2.1.1. all rights and title to the severance funds maintained for or on behalf of the Transferred Employees;

 

2.1.2. all past, present and future causes of action and other enforcement rights primarily under, or on account of, the Transferee’s Business, the Products or any of the Transferred Assets, including, without limitation, all causes of action and other enforcement rights for damages, profits, royalties or other payments, injunctive relief, and any other remedies of any kind for past, current and future infringement, misappropriation or any violations of any one of the rights embodied in any of the Transferred Assets;

 

2.1.3. all of the goodwill associated with the Transferee’s Business and/or any of the Transferred Assets;

 

2.1.4. all Documents that are primarily used or relate to the Transferee’s Business or any of the Transferred Assets;

 

2.1.5. all other current assets of the Transferee’s Business; and

 

2.1.6. all know how and other intellectual property rights, used or necessary for use in connection with the Transferred Business.

 

Any rights, assets, properties and business that fall within the above definition of Transferred Assets shall be deemed a Transferred Asset, notwithstanding the failure to list the same on any of the aforementioned lists and schedules.
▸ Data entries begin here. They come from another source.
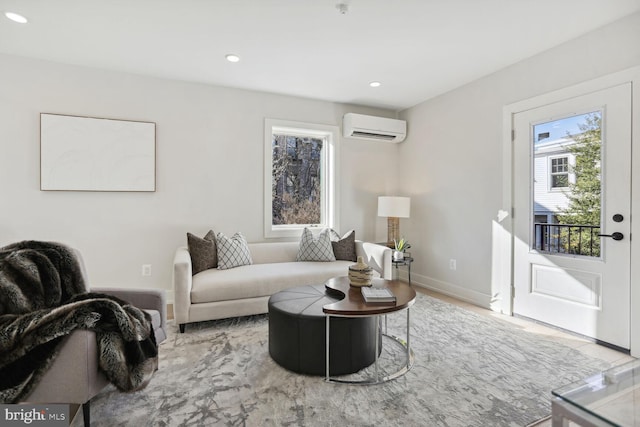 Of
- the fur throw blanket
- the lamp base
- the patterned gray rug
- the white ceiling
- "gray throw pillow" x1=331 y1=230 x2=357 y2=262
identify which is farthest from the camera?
the lamp base

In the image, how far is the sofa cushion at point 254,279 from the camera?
289cm

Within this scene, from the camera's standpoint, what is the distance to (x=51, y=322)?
144cm

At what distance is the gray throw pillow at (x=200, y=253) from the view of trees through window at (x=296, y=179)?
1.09 m

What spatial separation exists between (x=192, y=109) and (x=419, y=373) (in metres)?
3.47

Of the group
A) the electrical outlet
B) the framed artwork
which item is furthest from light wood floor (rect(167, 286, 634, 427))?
the framed artwork

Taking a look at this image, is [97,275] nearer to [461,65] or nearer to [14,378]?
[14,378]

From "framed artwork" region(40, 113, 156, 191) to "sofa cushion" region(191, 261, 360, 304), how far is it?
1.35m

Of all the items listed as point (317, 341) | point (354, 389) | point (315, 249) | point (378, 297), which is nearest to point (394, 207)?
point (315, 249)

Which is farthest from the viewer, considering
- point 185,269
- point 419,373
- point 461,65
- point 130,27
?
point 461,65

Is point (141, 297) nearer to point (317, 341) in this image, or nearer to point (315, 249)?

For the avoidance of doubt, Section 2.2 of the Agreement shall apply mutatis mutandis to the assets included in Schedule 2.1.

 

 
2

 

In the event that the Transferee neglects any of the patent assets set forth in Section (a) under Schedule 2.1, the Transferee shall transfer back ownership of the patent family of such patent asset to Transferor, and such transfer shall not require additional consideration and absent any additional contingencies (the “Transfer Back”). For the purpose of this Section 2, the term neglect shall mean any act or omission, which would result in invalidation of the patent assets or cause its expiry. For the avoidance of doubt, a decision by Transferee to cease its prosecution or participation in any invalidation proceedings against the Transferred Assets vis-a-vis the applicable Patent Office, or failure to pay maintenance fees in connection with the Transferred Assets shall be deemed as neglecting such Transferred Assets. In the event that IIA Approval (as defined herein), to the extent required, cannot be reasonably obtained with respect to the Transfer Back, Transferee shall take actions which shall have the effect of achieving the closest possible result as the Transfer Back. In the event of a Transfer Back, Transferor shall extend a perpetual, royalty free, non-exclusive, transferable by way of merger, acquisition or sale of all or substantially all of assets, license to Transferee for exploiting such Transferred Assets that were subject to the Transfer Back, for the purpose of commercializing, selling, sublicensing, combining, developing, manufacturing, having manufactured with respect to any Company product or service. The Transfer Back shall occur upon 30 days prior to a deadline for an act, which if not met, would lead to invalidation of the patent assets or cause their expiry.

 

2. Schedule 2.1 attached to the Agreement shall be replaced with Schedule 2.1 attached hereto. For the avoidance of doubt, the transfer of patent family 24994 described in Schedule 2.1 hereto is subject to the prior approval of the Israel Innovation Authority (“IIA” and the “IIA Approval”). Medigus shall submit as soon as practicable following the date hereof an appropriate request for the grant of the IIA Approval and will use best efforts to obtain such approval as soon as possible. As a condition to the transfer, ScoutCam shall be obligated to execute an undertaking in the form acceptable to Medigus and the IIA pursuant to which ScoutCam agrees to comply with the obligations stipulated by the Law for Encouragement of Research and Development – 1984.
   
3. Effective as of the date hereof, Section 3.2 and Schedule 3.2 shall be deleted, and instead such Section 3.2 shall be reserved. For the avoidance of doubt, the Addendum shall not derogate from the rights and obligations derived from Section 3.2 prior to the date hereof.
   
4. Effective Date
   
  This Addendum shall be in effect as of the date hereof and shall be attached to the Agreement and become an integral part thereof.
   
5. Reservation of Terms
   
  Except as expressly stated in this Addendum all other terms in the Agreement shall remain unchanged unless specifically amended in accordance with the terms of the Agreement.

 

- Signature Pages Follow -

 

 
3

 

IN WITNESS WHEREOF, the Parties have caused their duly authorized representatives to execute this Amendment as of the day and year first above written.

 

MEDIGUS LTD.   SCOUTCAM LTD.

 

 
Signature   Signature
     
/s/ Liron Carmel /s/ Tatiana Yosef   /s/ Benad Goldwasser /s/ Yaron Silberman
Printed Name   Printed Name
     
CEO / CFO   Chairman / CEO
Title   Title

 

 
4

 

Schedule 2.1

List of Transferred Assets

 

[***]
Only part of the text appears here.